趙逸塵一出營帳,凌雲衣已迫不及待朝皇甫婉容走近。「你到底是誰?」
這世上只有一人會喊他一一,每回那人要出門總會在他耳邊低語——一一,要乖喔!姊姊很快就回來。從無例外,直到她被宮中挑上,成為和親女史,這句話成為絕響。
「你認為我是誰呢?」皇甫婉容笑問。
「你不可能是她,她已經……總之,絕無可能。」想起已逝之人,他喉頭略帶哽音。
「一一,姊姊不是教過你要听從心底的聲音,雖然我們十幾年沒見面,可是姊姊還記得你拉著我不讓我走的大哭聲。」他哭得滿臉是淚,跌倒了又爬起來追著車跑。
「你……你真的是……」他眼眶紅了。
「別說出來喔!一一,姊姊也不知怎麼回事又活過來了,還是活在別人的身體里,這事若讓外頭的臭道士知曉,姊姊也不用活了。」他們會把她當妖魔附身給燒了。

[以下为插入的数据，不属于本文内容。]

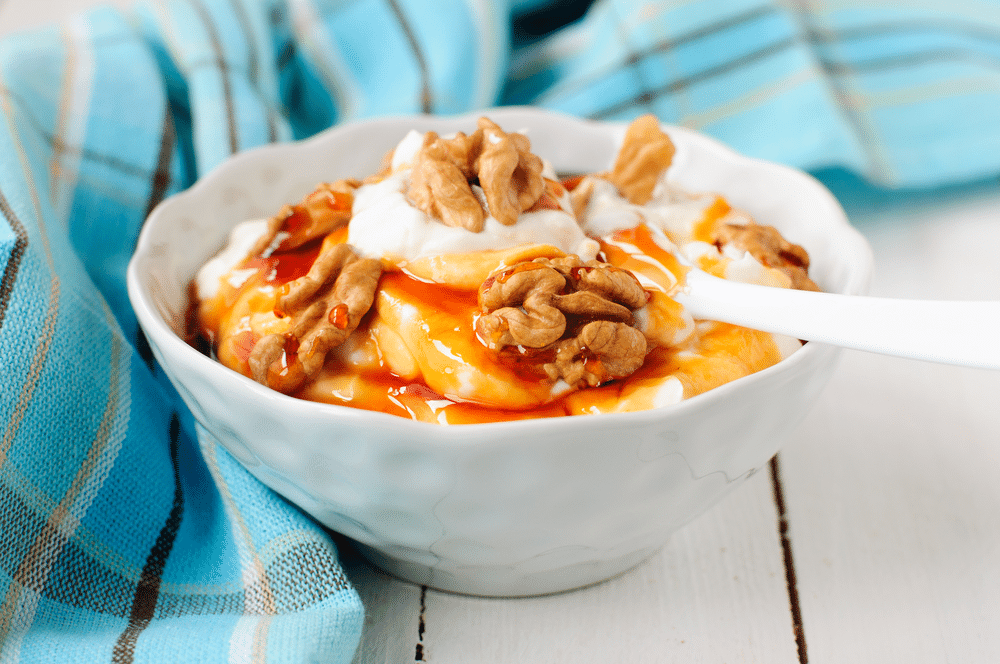 Greek Yoghurt with Honey and Walnuts in a Bowl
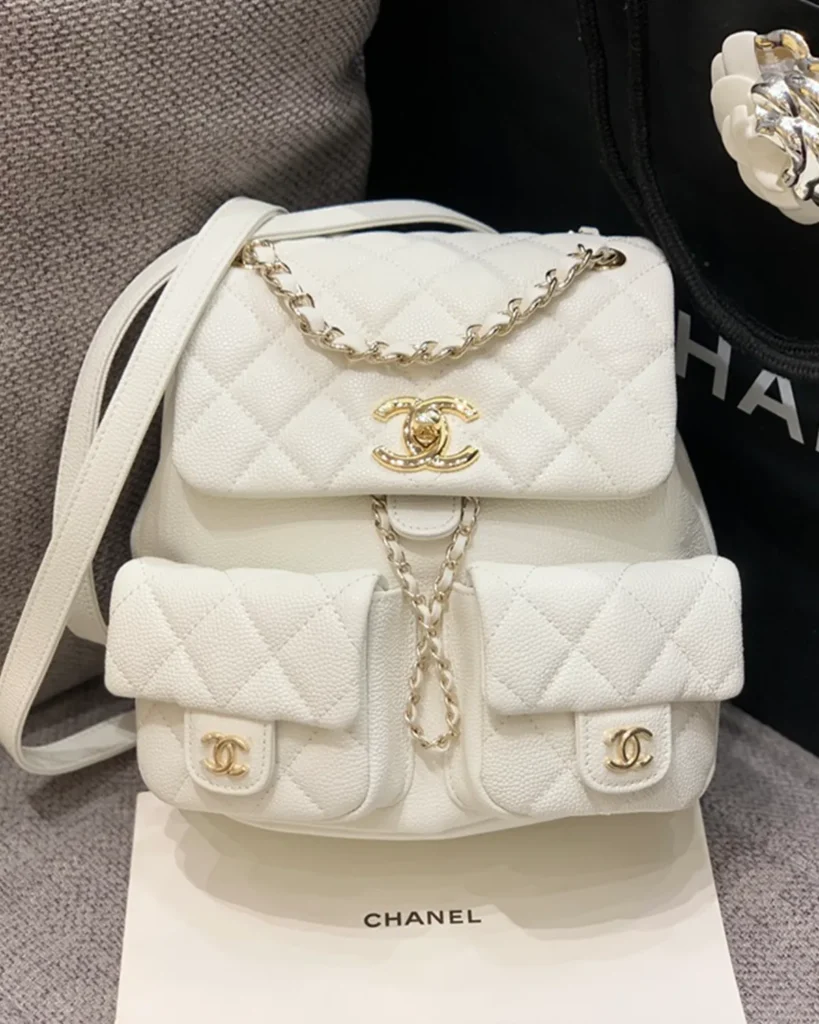 Ivory Quilted Twin-Pocket Backpack — front view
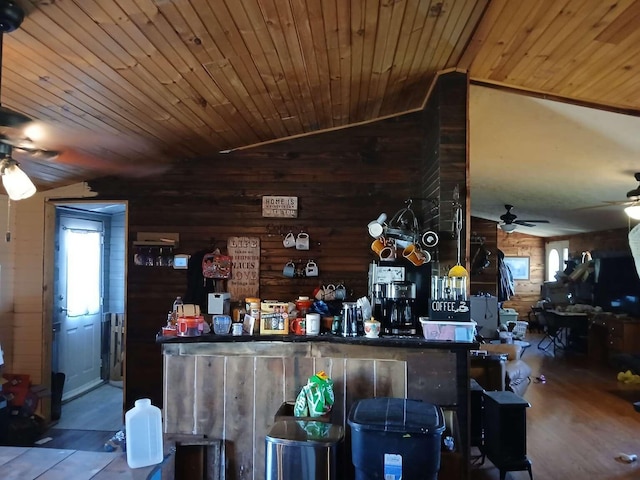 bar featuring wooden walls, wood finished floors, ceiling fan, vaulted ceiling, and wooden ceiling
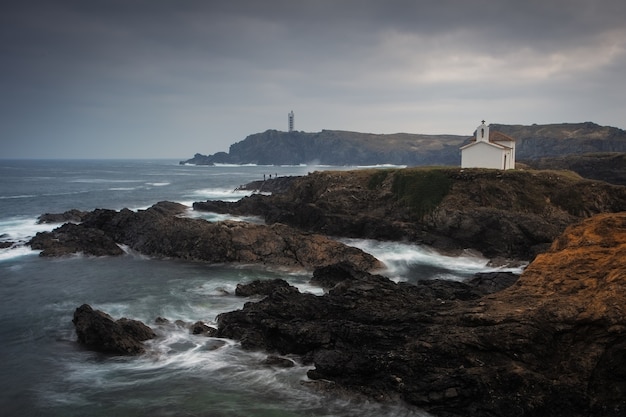 Free photo beautiful shot of the ocean with rock formations by the shore on a cloudy day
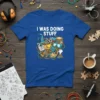 Blue t-shirt with white text "I Was Doing Stuff" and a colorful collage of creative and technical items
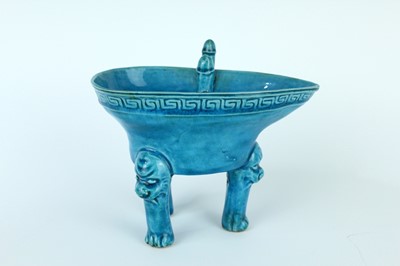 Lot 77 - A pair of Chinese turquoise-glazed ritual wine...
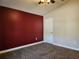 Carpeted bedroom featuring neutral walls, a dark red accent wall, and a ceiling fan at 13400 Old Florida Cir, Hudson, FL 34669
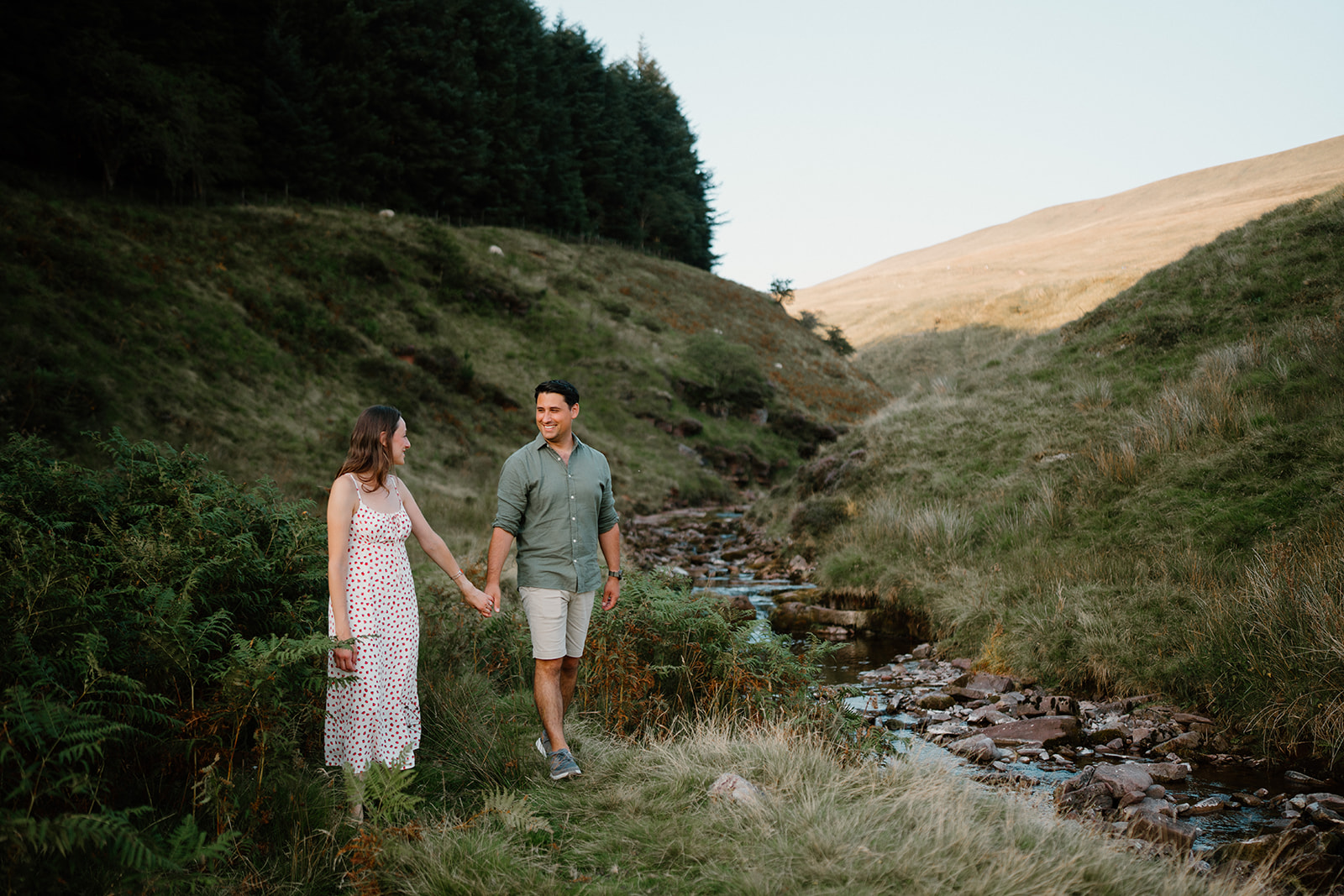 Tara and Matthew walking in the valley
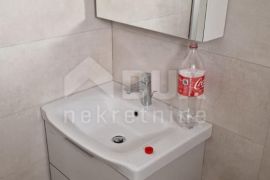 OTOK PAG, MANDRE apartman u novogradnji 2s+db s pogledom na more, Kolan, Appartamento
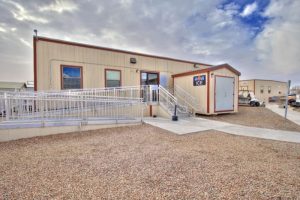 Carlsbad Lodge hospitality building at Carlsbad Caverns National Park, with a gravel lot, wheelchair ramp, and a small entrance sign.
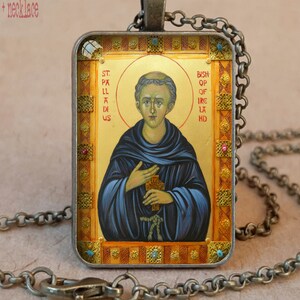 May include: Antique bronze pendant necklace with a religious icon. The rectangular pendant shows a saint with gold details, blue robes, and the text "St. Palladius, Bishop of Ireland." The necklace has a chain and clasp.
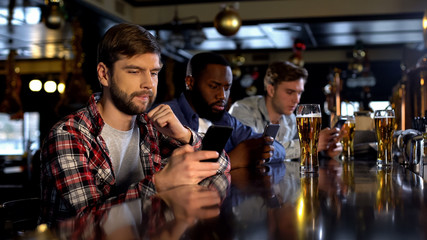 Anxious male fans betting on phone, watching game in pub, gambling application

「我知道了……」在皇甫婉容面前,凌雲衣變回只有十歲的小男童,對胞姊十分依賴。
「一一,乖喔!別哭,也別告訴爹娘,他們為我操心一輩子了,我不想讓他們的晚年過得不舒坦。」比父母早死便是不孝,她無顏再見爹娘,只能遙望和思念。
「嗯!」他眨著眼,快速地把眼淚眨掉。
「一一,要勇敢,你已經是大人了,姊姊不能再做你的姊姊,我走了。」她笑著轉身,頭也不回。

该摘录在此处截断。